Aspect ratio control of TaS2 nanosheets: a methodology for room temperature formaldehyde gas sensing performance optimization

Abstract

Gas sensing properties have long been associated with material dimensions. However, for sensing films consisting of two-dimensional transition metal dichalcogenide nanosheets, despite tremendous progress, the study of nanosheet size has not led to a clear path in optimal gas sensing performance. Herein, we present a technique for optimizing room temperature gas sensing via the control of nanosheet aspect ratio, i.e. tuning both the lateral dimension and thickness of nanosheets simultaneously. Through elucidating clearly the tradeoff between the quantity of active gas sensing sites and interface resistances as nanosheet size changes, systematic design is thus possible.

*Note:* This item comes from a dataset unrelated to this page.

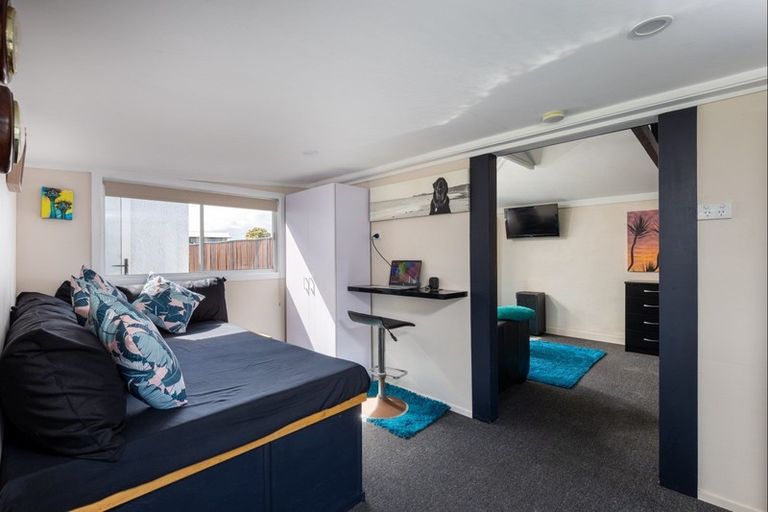 Photo of property in 101 Domett Street, Waitara, 4320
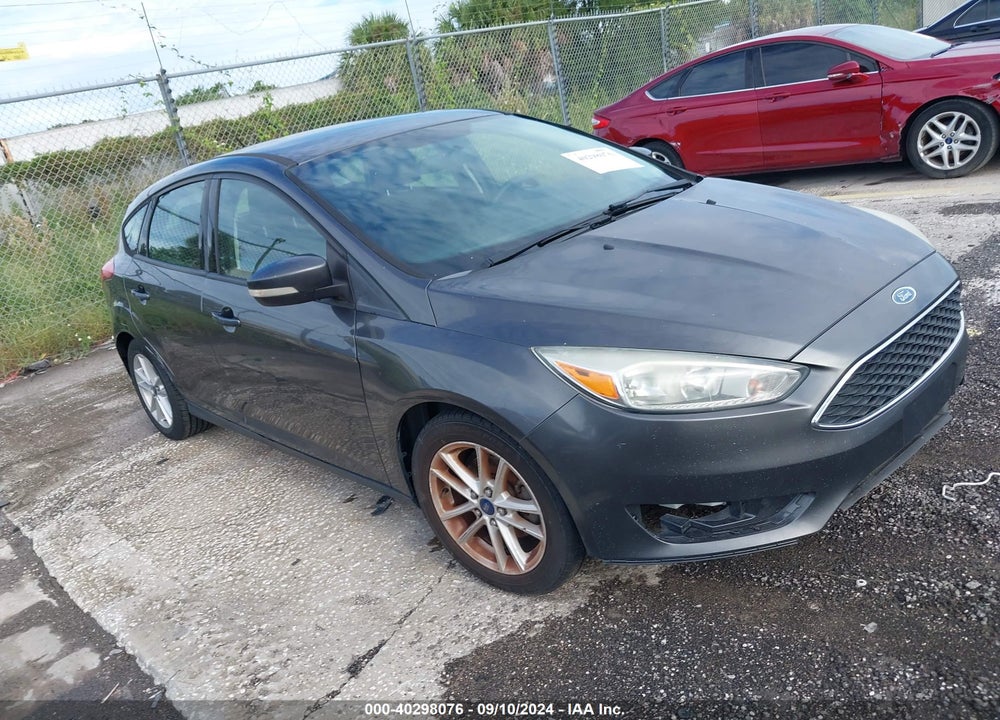 2015 FORD FOCUS SE VIN: 1FADP3K25FL215285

As a demonstration, a room temperature formaldehyde gas sensor has been fabricated using aspect-ratio-controlled TaS₂ few-layer nanosheets, synthesized by a custom centrifugation-assisted liquid-phase exfoliation method. The sensor based on the TaS₂ nanosheets with optimal aspect ratio enables an ultra-large room temperature response of 78% toward 10 ppm formaldehyde, the highest reported thus far. This work illuminates the potential of aspect ratio control as a primary design parameter towards systematic optimization of nanosheet-based semiconductor functional devices.